如果没有钱,给权也是不错的,给权也是给钱。
不仅可较好解决农民贷款难的问题,而且可增加农民数亿千计的金融收益,还可以提高农民组织化水平、自我发展能力和幸福感。
我对国家给农民粮食补贴、生产资料补贴、家电补贴、医疗补贴、基建补贴等等,都是举双手赞成的。但给钱不给权,钱难到农民手中,到了农民手中,剩下的也不多。如粮食补贴,有60%能够到农民手上就不错了。合作医疗补助,农民实际得到的占到国家补助资金的40%就谢天谢地了;给钱又给权最好,如香港乐施会和广西民委合作开展的“社区主导扶贫模式”,钱如何花,是社区农民民主决策和管理的,香港乐施会和广西民委只是协作者。这样的扶贫,效果当然好;如果没有钱,给权也是不错的,给权也是给钱。这里我要重点介绍一个案例,说明给农民权利的重要性。

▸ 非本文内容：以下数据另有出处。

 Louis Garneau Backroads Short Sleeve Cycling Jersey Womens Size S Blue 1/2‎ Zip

我的家在湖北监利县王垸村,是洪湖西岸的一个渔村。每次回家,乡亲们都期待我为家乡新农村建设出一臂之力,更多的是要求帮他们搞发展生产的贷款。说实在的,我一无权、二无钱,实在没有能力帮助乡亲们,每到过年的时候,我都有点怕回家。2005年春回家,乡亲们、村干部都来“看我”,希望我为家乡发展出主意想办法。我实在没有办法,就给大伙讲我曾经的扶贫经验,建议村里将每年给每个老人的200元养老金集中起来,以此为本金建立“养老基金会”,按照“社区发展基金模式”进行管理。同时,我也答应筹点钱给予支持。

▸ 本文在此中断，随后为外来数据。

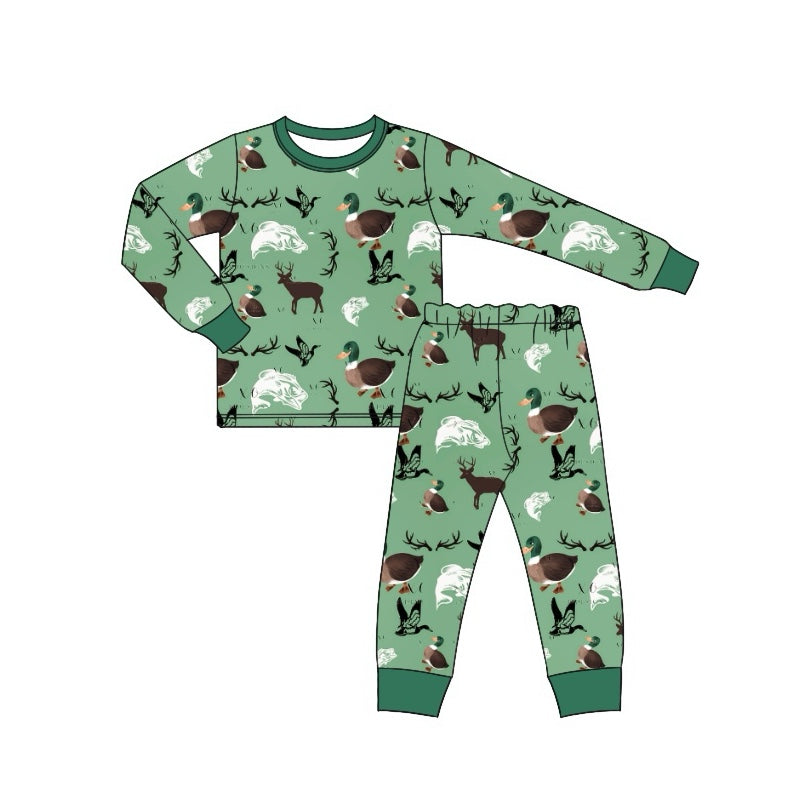 Pre-order Baby Boy Ducks Deer Hunting Green Shirt Pants Pajamas Set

2006年春,村里人打来电话,说已经有80多个老人加入了老龄基金会,每人入股2000元,筹集了16万多元,加上村里垫本10万元(公共股金,不参与分配),合计有了27万的规模。27万元全部借贷给了村里需要贷款的年轻人,贷款利率和当地农村信用社相同。养老基金会会长要求我给予支持,并回去帮助做培训、完善制度。当年,每个老人分配了300多元。2007年,我以河北大学中国乡村建设研究中心的名义,投入了10万元公共股金(不参与分红),村里的公共股金增加到了30万,入会的老人增加到了180多人,资金规模达到了80多万,当年每个老人分配了580元。2008年,村里的老龄人都参加了,资金规模达到了110万元,老龄基金会还顺应新农村建设的要求,办了个预制件厂,当年每个老龄人分配了650元,还留存了2万多元积累。

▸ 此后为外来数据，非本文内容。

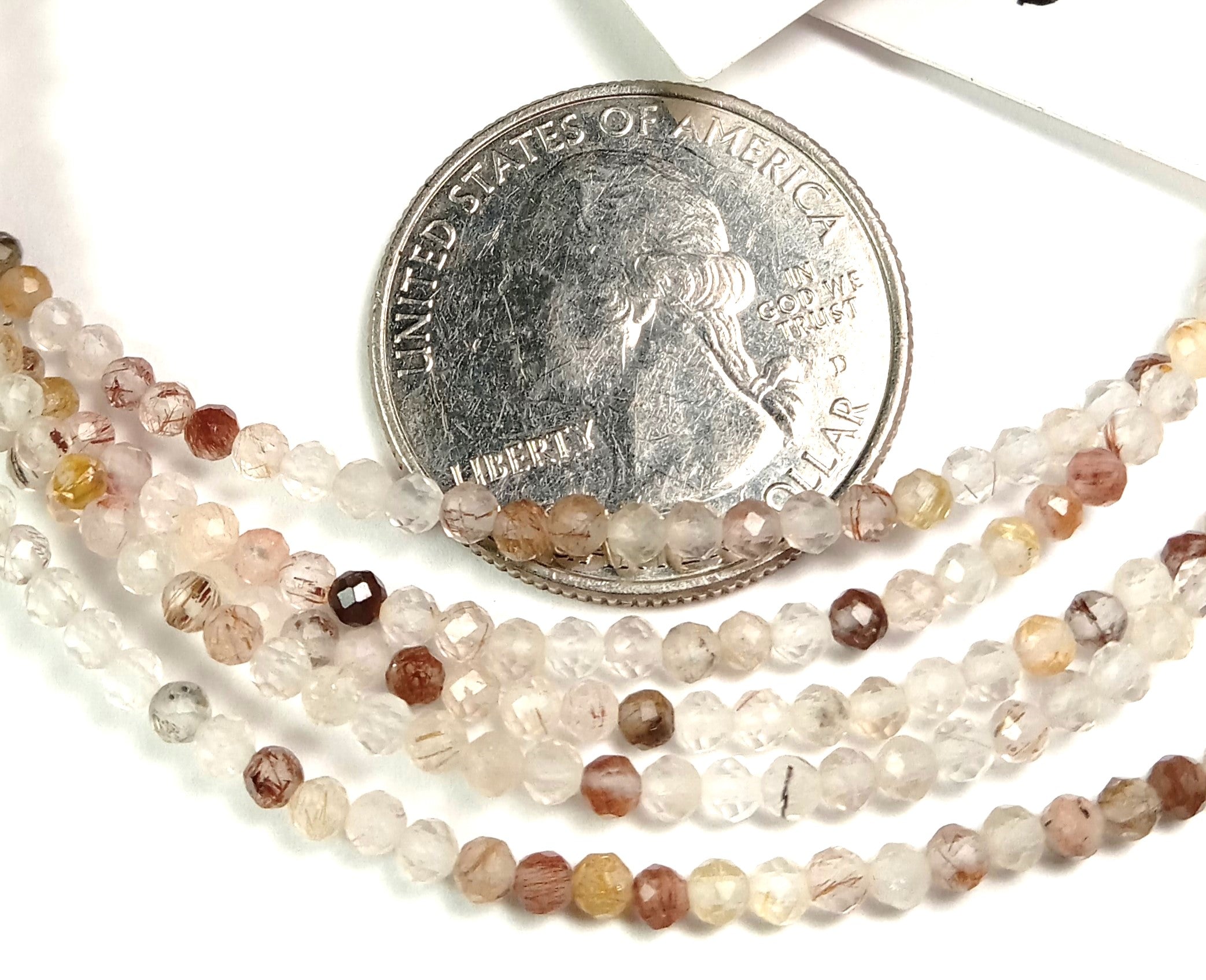 2mm Gold Rutilated Quartz Faceted Round Gemstone Beads 8-Inch Strand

从养老基金会的成立那一天起,总有“代表国家”的“政府部门”说三道四,要求关闭,甚至还“吓唬”老龄人。直到2008年底,“非法”、“关闭”、“取缔”之说才停止,老龄人心上悬着的石头总算落地了。
人均650元,两老就是1300元。1300元对城市人不是大钱,可对农村老人是大钱。今年春节没有回家,听我父母在电话中多次唠叨,说村子的老人们有了这1300元,年过得很体面,很受尊重,高兴得不得了!惹得周围村的老龄人羡慕不已。村上好几个打工回家的年轻人都受老人之托给我打电话,表达感谢之情。我也很高兴,一是当乡书记时,做梦都没敢想为农村老人发“红包”,反而年年都找老人收“人头费”,现在不做干部了,轻而易举为老龄人发了大“红包”;二是有了养老基金会,亲戚们再不找我帮忙托关系贷款了,省大麻烦了!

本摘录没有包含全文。